7. Yahoo Buys Facebook
Would such a deal be safe? Is it even sane? Hell no! But the ability to make a crazy, game-changing move, such as buying Facebook, would seal Yang's status as one of the greatest CEOs of all time. In contrast, passing up on the opportunity to buy Google, and then losing DoubleClick to Google are two of the reason's Yang's predecessor, Terry Semel, has been nominated for a spot in the Chief Executive Hall of Lame. A bold deal shows that Yang isn't afraid of losing Yahoo's independence, rather, he's eager to use it.

8. Larry Ellison Comes To Yang For Advice
Oracle Chief Executive Larry Ellison is the Sith Master of Silicon Valley: cool, calculating and quite stylish. Yang, by contrast, seems to be the very opposite. But what if it's all a trick? What if getting the 218-pound monkey who runs Microsoft known as Steve Ballmer off his back was just the first phase in some kind of darkly brilliant master plan? If so, Ellison will sniff it out, first, and pay his respects.

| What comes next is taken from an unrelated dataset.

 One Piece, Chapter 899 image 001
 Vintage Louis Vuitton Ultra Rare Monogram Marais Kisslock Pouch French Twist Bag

9. Steve Ballmer Loses His Job
The Yahoo-Microsoft negotiation was a mess. Someone's head needs to roll, and if you are Jerry Yang, you're first in line for a little of the old high-level chop-chop. However, if Yahoo starts to perform (see items 1 and 2), then it will prove that, despite all his bluster, Ballmer didn't have the nerve to pay what Yahoo was worth, after all. One way or another, this story won't end until we have a loser.

10. Poach Someone, Anyone , From Google
All we need is one, Jerry, just one. It doesn't have to be a star, such as Google Vice President of Search Product and User Experience Marissa Meyer. Convince one promising Google employee to step away from the all-you-can-eat-buffet at the Googleplex and maybe we'll start to believe in you, too.